### EXERCISE OBJECTIVE
A faithful copy of the data, pictures omitted, is the required answer.

### DATASET SECTION
Start of Block

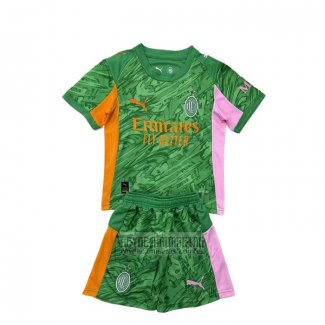 Camiseta De Futbol AC Milan Portero Nino 2025-2026 Verde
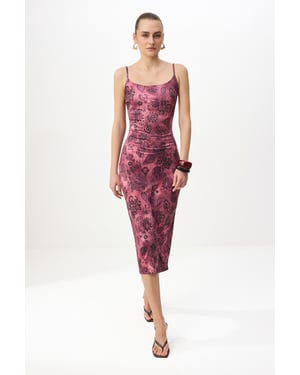 TRENDYOLMİLLA Dames Paars Bloemen Maxi Mouwloos Bodycon Jurken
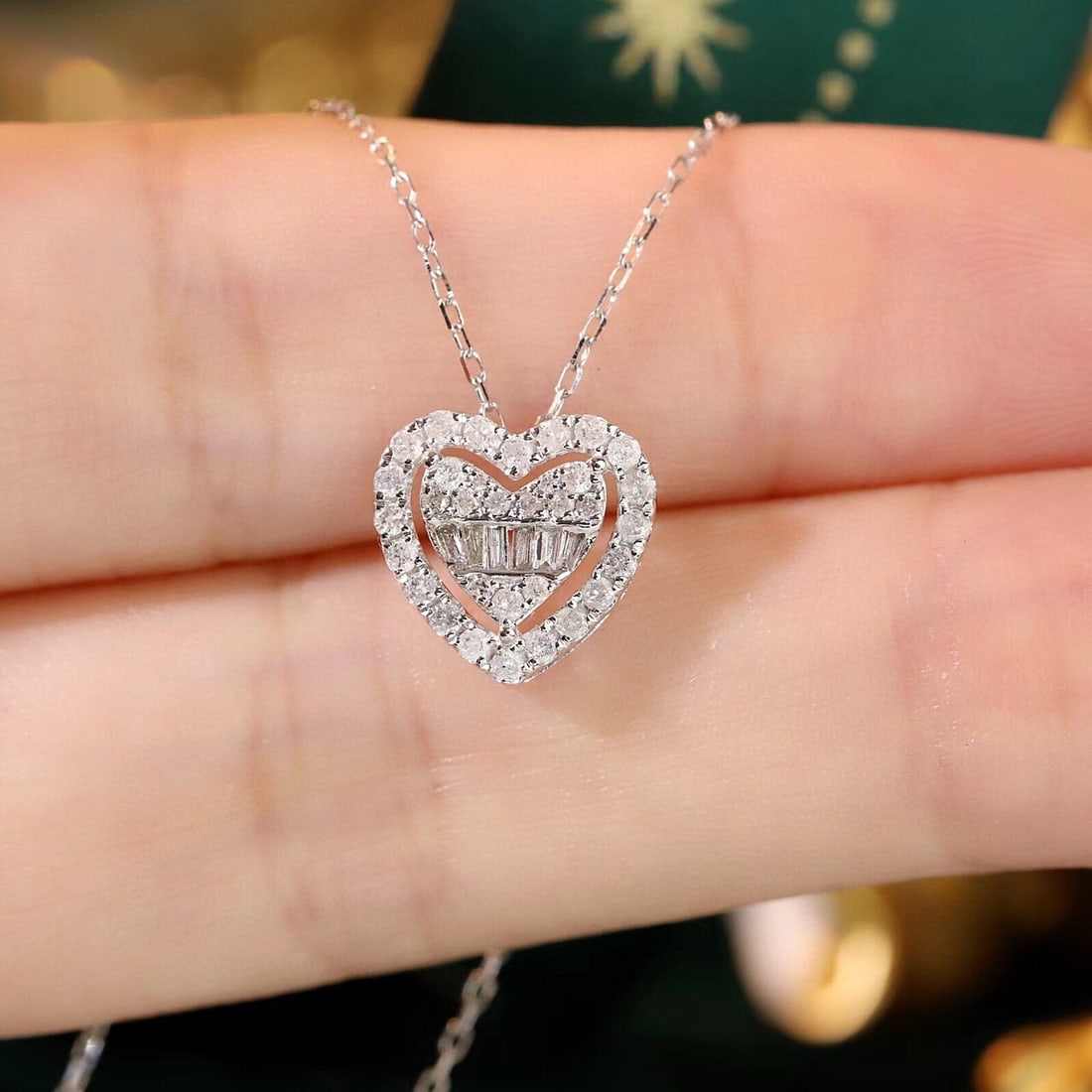 14k Gold 0.35 Ct Natural H Diamond Necklace - 2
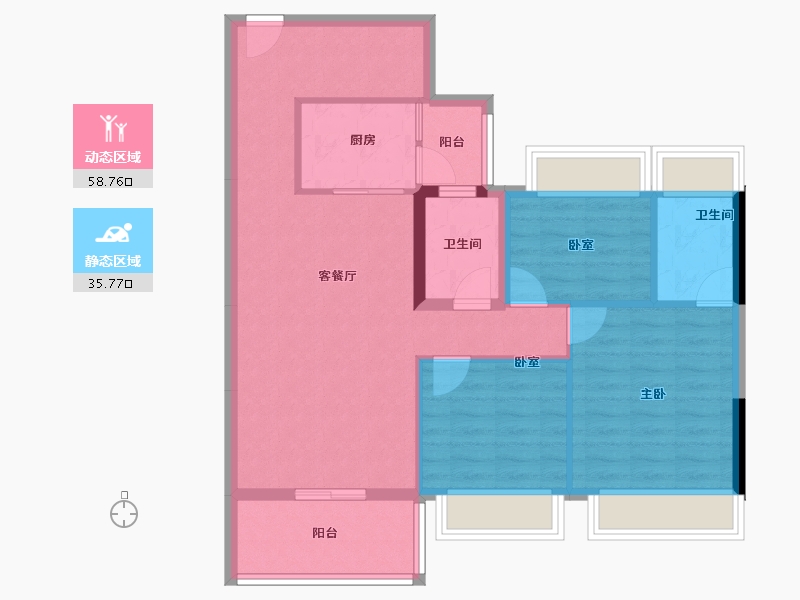 广东省-中山市-中澳春城-84.73-户型库-动静分区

End of Block

### TASK SOLUTION
 Camiseta De Futbol AC Milan Portero Nino 2025-2026 Verde
 TRENDYOLMİLLA Dames Paars Bloemen Maxi Mouwloos Bodycon Jurken
 14k Gold 0.35 Ct Natural H Diamond Necklace - 2
 广东省-中山市-中澳春城-84.73-户型库-动静分区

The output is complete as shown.